Then, as if materialized from empty space, a girl in white appeared under the lamp.

“Is anyone there?” she called.

“Yes,” Peter stood up. “I’m Dr. Ferry.”

She came swiftly forward, “Can you come with me at once? My father has shot himself....”

Peter ran down the steps. “I’ll be ready in a moment.”

As he led the way into his office, she gave him the hurried details. Her name was Mary Hamilton. She lived at White Feathers. She did not know how badly her father was hurt. She had left him with a colored maid. “There’s no telephone in the house, and Julia can’t drive, so I had to come. There was no other way—I had to ...”

She shivered suddenly with cold and excitement. The gown she wore was low-cut and sleeveless. Peter lifted a coat from its hook in the hall. “Put this on,” he said, “you’ll need it.”

As he held the coat for her, he noted the curl against her neck, a little curl, soft and shining. He noted, too, the way her head was set on her shoulders—nicely. Except for these slight details, his preoccupation was not so much with the girl herself as with the news she had brought.

He got his things together, scribbled a note to Denis, and left it under the light in the living-room, and then went on with Mary to her car. He took the wheel, and they raced through the night.

Peter knew the place they were bound for. A great old house on the bayou. No one could tell whence the name had come; possibly from the huge flock of white herons which, in the early days, had sought the end of the bay. It was a ramshackle edifice, set back from the water, in a grove of live oaks whose limbs were strung with ghastly streamers of gray moss—a desolate spot and a dreary one. For years it had had no occupants. And during those years, a sign hung on the gate had proclaimed that it was for sale or to let. But no one had wanted to live in it.

He asked the girl now, “When did you come?”

“Yesterday. Father bought the place....”

“Bought it?”

“Yes. Furnished. We were frightfully disappointed. ... It’s so old ... and dreadful.”

She stopped, unable to go on. Hitherto she had shown an extraordinary composure, but now Peter saw that the tears were streaming.

“I’m sorry,” he said. “It’s been a rotten deal for you.”

“I don’t care for myself—. It’s—father.”

He was aware of her tenseness, and comforted her. “Don’t worry. I’ll fix him up for you.” But his words were more confident than his expectations. One never knew in such cases whether one would meet life or death at the end of the journey.

A curve in the road had brought them to a bridge that crossed the bayou. The water glimmered with a faint silver sheen. Black clumps of mangroves rose out of it, and between these clumps a boat suddenly appeared. A man was standing in it, using a pole to propel it. It was impossible to see his face, but the tall figure showed strength and grace, and a sort of dark splendor.

Peter said, “Did you see that man?”

“Yes. Who is he?”

“Well, he sold you your house.”

“Boone Musgrave?”

“Yes. Have you met him?”

“No. But I’ve read his letters. Such lying letters—and father believed them.”

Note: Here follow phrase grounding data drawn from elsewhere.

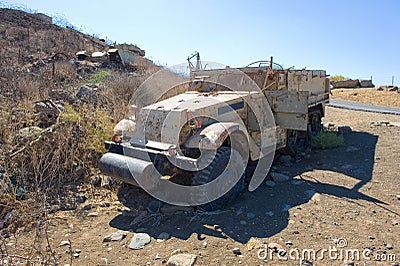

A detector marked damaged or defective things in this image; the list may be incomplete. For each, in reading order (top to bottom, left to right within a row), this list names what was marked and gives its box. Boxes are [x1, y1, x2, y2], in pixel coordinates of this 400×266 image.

rusty metal body [98, 58, 330, 188]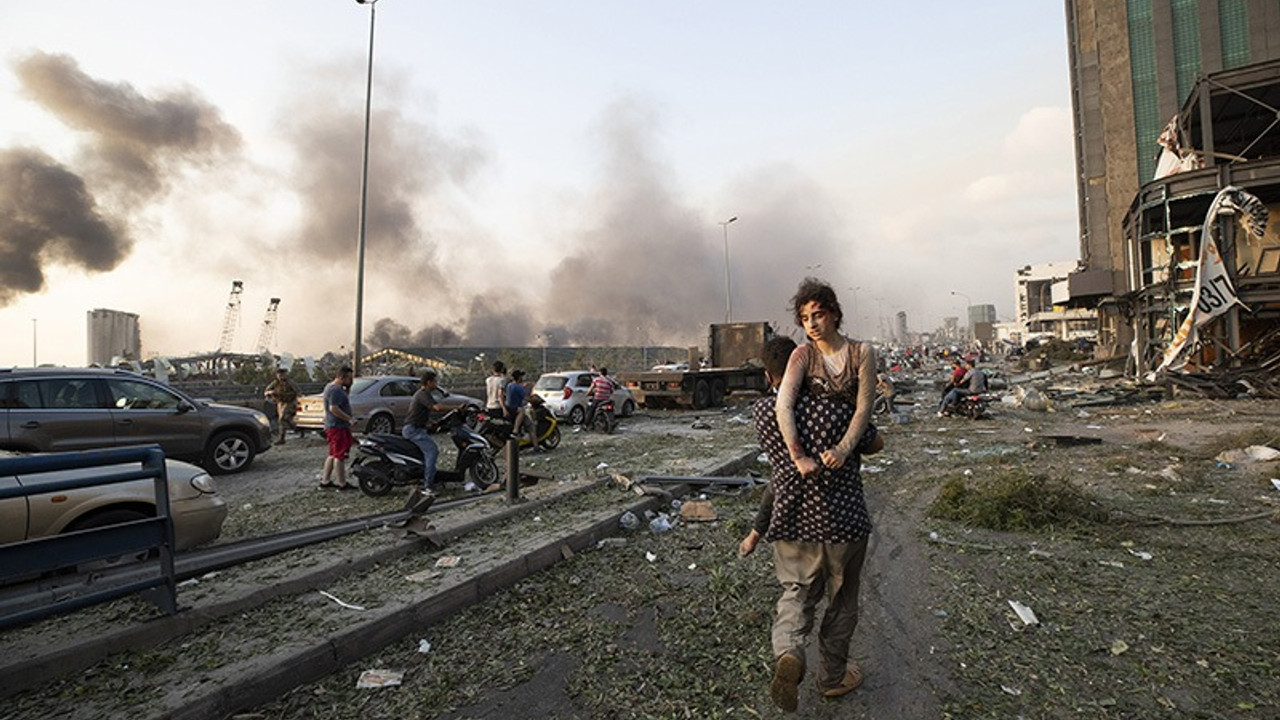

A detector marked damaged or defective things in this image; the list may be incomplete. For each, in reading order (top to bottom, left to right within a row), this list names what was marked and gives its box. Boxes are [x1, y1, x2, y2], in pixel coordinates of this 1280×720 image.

torn signage [1152, 186, 1264, 374]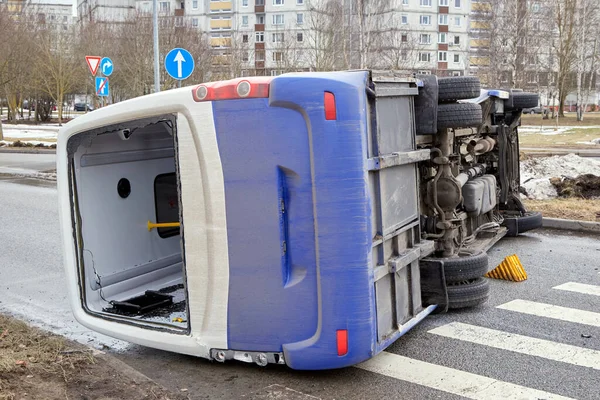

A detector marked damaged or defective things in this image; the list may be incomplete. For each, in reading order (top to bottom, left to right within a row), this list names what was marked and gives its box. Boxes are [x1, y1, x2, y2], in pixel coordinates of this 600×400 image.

overturned van [57, 70, 544, 370]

“He isn’t alone in being misled by Boone. He’s the only rich man left in our community. He grabbed what the others lost. But he’s picturesque and popular. A sort of robber baron—”

“I hope I shall never meet him.”

“Why?”

“Because if father dies, I shall feel that Boone Musgrave—killed him.”

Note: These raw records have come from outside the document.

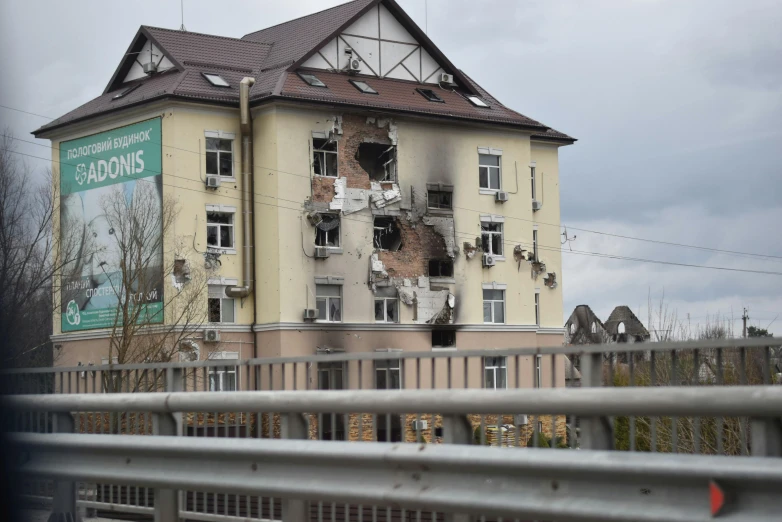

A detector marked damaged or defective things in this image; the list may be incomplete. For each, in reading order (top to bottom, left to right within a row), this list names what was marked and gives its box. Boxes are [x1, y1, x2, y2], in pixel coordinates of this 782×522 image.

damaged building [38, 0, 576, 382]
fire damage [306, 115, 460, 322]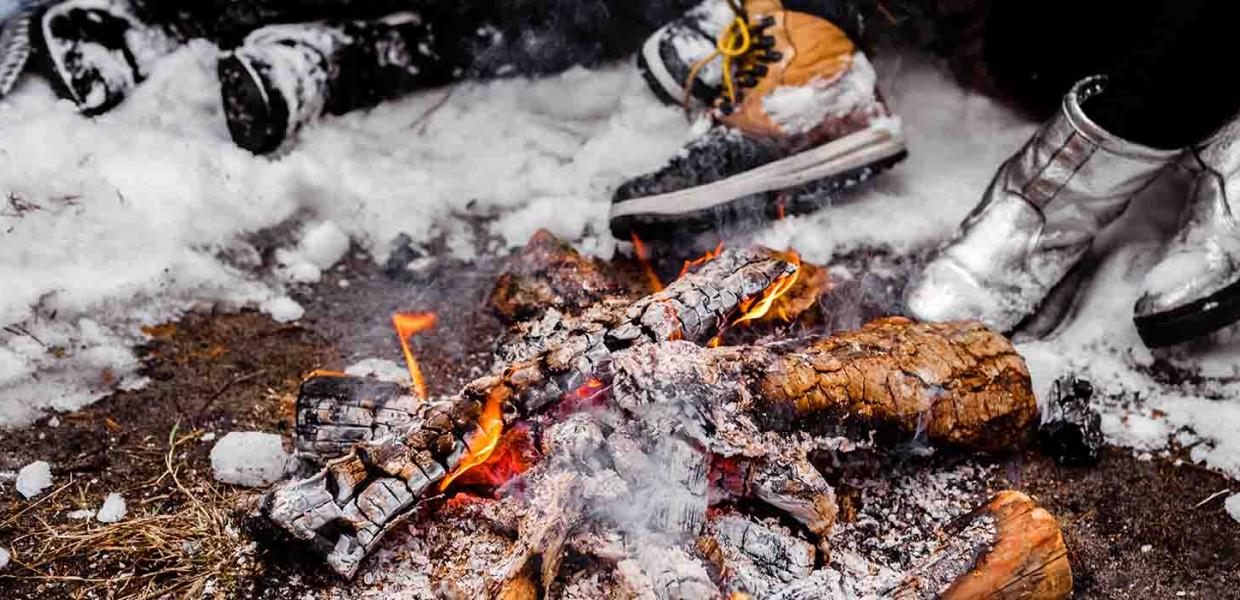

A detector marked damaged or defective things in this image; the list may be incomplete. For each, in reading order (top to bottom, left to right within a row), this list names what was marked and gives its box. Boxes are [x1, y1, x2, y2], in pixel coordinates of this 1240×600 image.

charred wood chunk [488, 228, 624, 322]
charred wood chunk [296, 374, 421, 458]
charred wood chunk [758, 319, 1041, 451]
charred wood chunk [1036, 376, 1106, 466]
charred wood chunk [897, 493, 1071, 600]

Her voice was tense. Peter told himself that she was undoubtedly overstressing her sense of grievance. Yet he could not blame her. The sale of White Feathers was a dastardly trick, played on unsuspecting strangers.

There was not time, however, to discuss it, for they had turned into the driveway of the house. When the car stopped, Peter helped Mary out, and followed her through the hall to a room at the back. He heard a man’s voice, and saw the girl bend down, “I’ve brought a doctor, darling....”

Her voice was charming. As he stepped over the threshold, Peter assured himself that the adventure with Mary Hamilton promised possibilities. Then, as he saw the man stretched on the couch, he forgot trivialities in his sense of the seriousness of the case before him.

The patient was raving incoherently. Something more in this, Peter decided, than a wound. Hysteria, or, more likely, a fixed mental disturbance. He would have to stay tonight, and in the morning he would get Jinks.

He said as much to Denis when the latter arrived with the car. “Jinks goes off her case tomorrow morning?”

“Yes.”

“I shall want her here. I’ll stay tonight.”

“I’ll stay with you—”

“You’d better get back and sleep at my house. Old Nan will get your breakfast.”

“Breakfast? Do you think I want to eat, Peter?”

“Why not?”

“I shall thank God—fasting....”

There were moments when Peter could be as understanding as a woman: “For Jinks?”

“Yes.”

Well, it was something to love a woman like that. But it took a man like Denis to do it. As for himself, Peter drew his hand across his forehead in a sudden tired gesture, “Let’s go out and get a breath of air. I’ve given my patient a bromide. He’ll sleep off his hysteria.”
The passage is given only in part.